§ **Records shown**:
· · · · · · ·

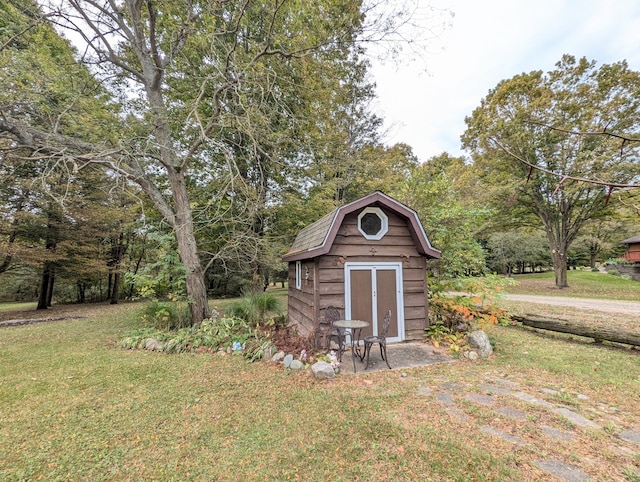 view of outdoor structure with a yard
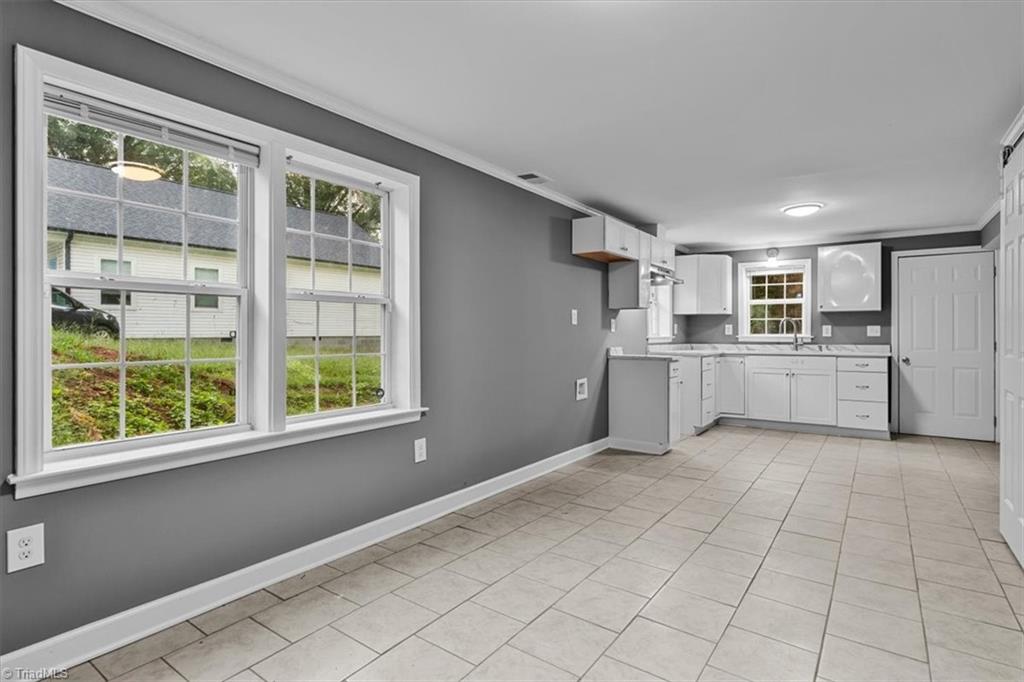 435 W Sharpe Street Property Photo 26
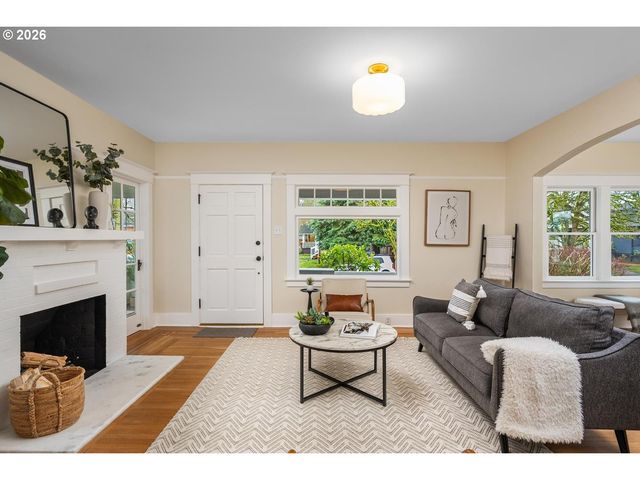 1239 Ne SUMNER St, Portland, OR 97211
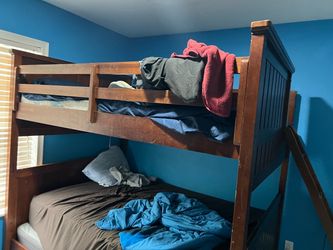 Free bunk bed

· · · · · · ·

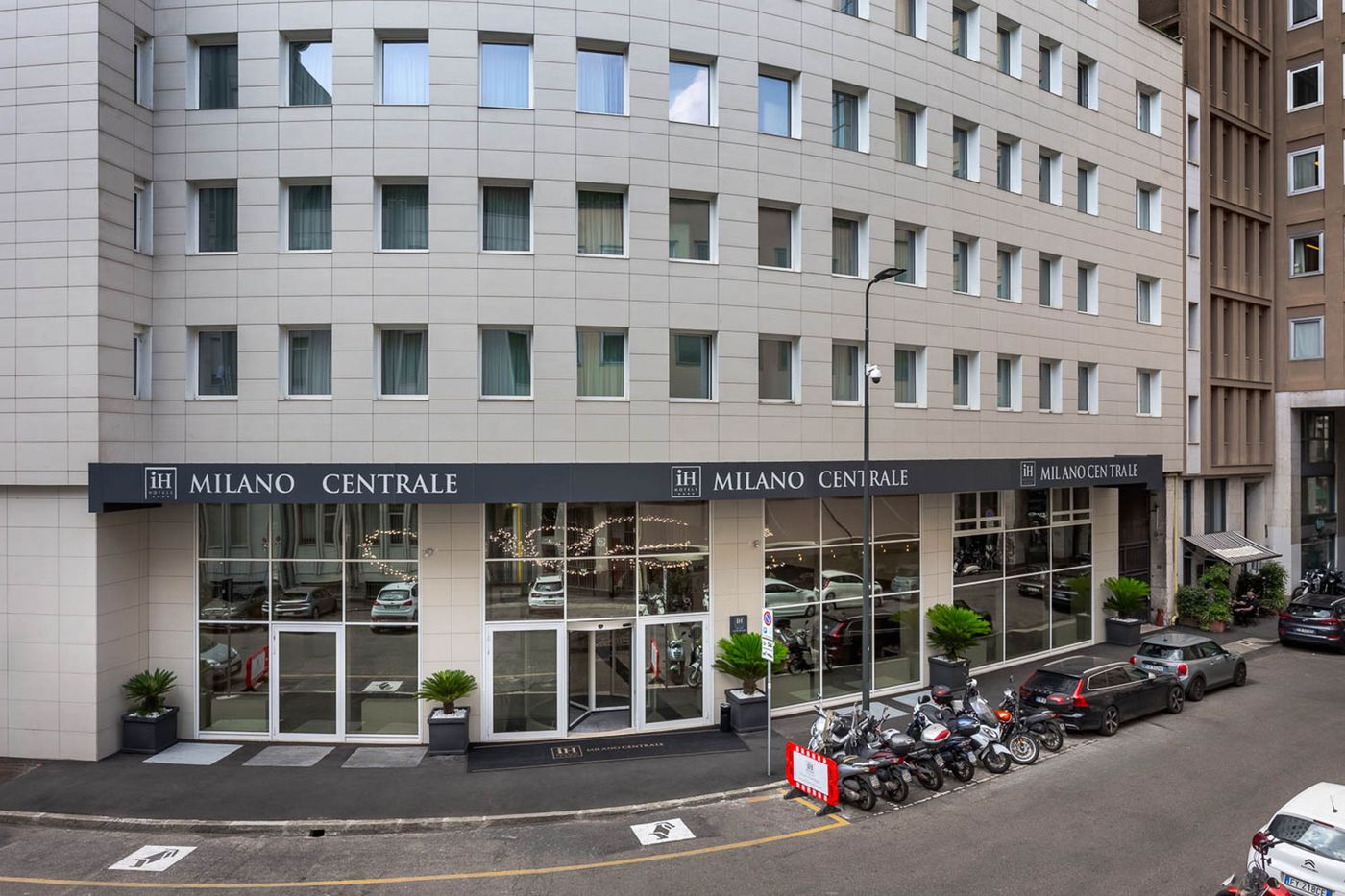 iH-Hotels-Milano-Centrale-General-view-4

· · · · · · ·

§ **Goal of the exercise**: From the data above, return exactly the lines from the one with "435 W Sharpe Street Property Photo 26" up to and including the one with "Free bunk bed". Pictures do not go in the copy.

§ **Task answer**:
 435 W Sharpe Street Property Photo 26
 1239 Ne SUMNER St, Portland, OR 97211
 Free bunk bed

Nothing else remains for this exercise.